Our study looked at effects that are well within the uncertainty of individual sensors. Due to the large number of measurements in 2020 (more than 8 million) and the combination of these in many bike trips (almost 68,000), we were able to estimate not only the exposure to absolute PM2.5 concentrations during bike trips, but also variations in concentrations during bike trips. We found that the average PM2.5 concentration that bicyclists in the project were exposed to in 2020 was 9.9 μg/m3. We estimate the average traffic-related exposure in the order of 2 μg/m3. During the summer months, we estimate a slightly lower exposure of 1.7 μg/m3. In these months, the combination of absolute concentration levels and dispersion of traffic related emissions may lead to fluctuations in concentrations during bike trips that are in the order of the random uncertainty of the sensor and the analysis.

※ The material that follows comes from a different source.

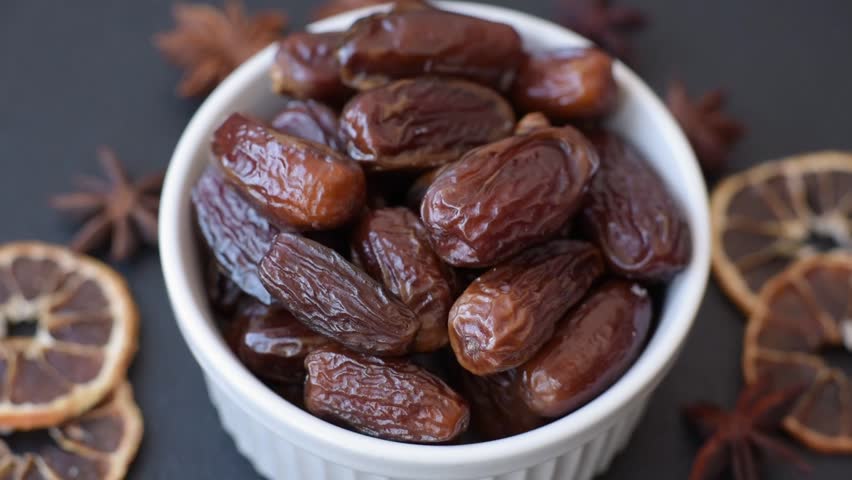 Dried tropical date fruit as an ingredient for fresh organic diet food. Vegan, vegetarian food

Important limitations of using sensors mounted on bicycles are the limited spread in routes and the uneven distribution of the trips over the day and year. Similar experiments should consider using even more bikes and aim for more diversity in the use of the Sniffer bike sensor units, such as sharing sensor units or enabling use of the sensors while stationary. Quality control should also improve, making sure that sensor kits that produce little or seemingly unrealistic data are quickly checked and, if needed, fixed.
Nevertheless, overall, we conclude that the use of mobile sensors, mounted on bicycles, allows for better characterization of individual exposure to PM2.5, while using a bicycle for commuting or for recreational purposes. The mobile PM2.5 measurements represents a useful addition to a network of stationary air quality sensors.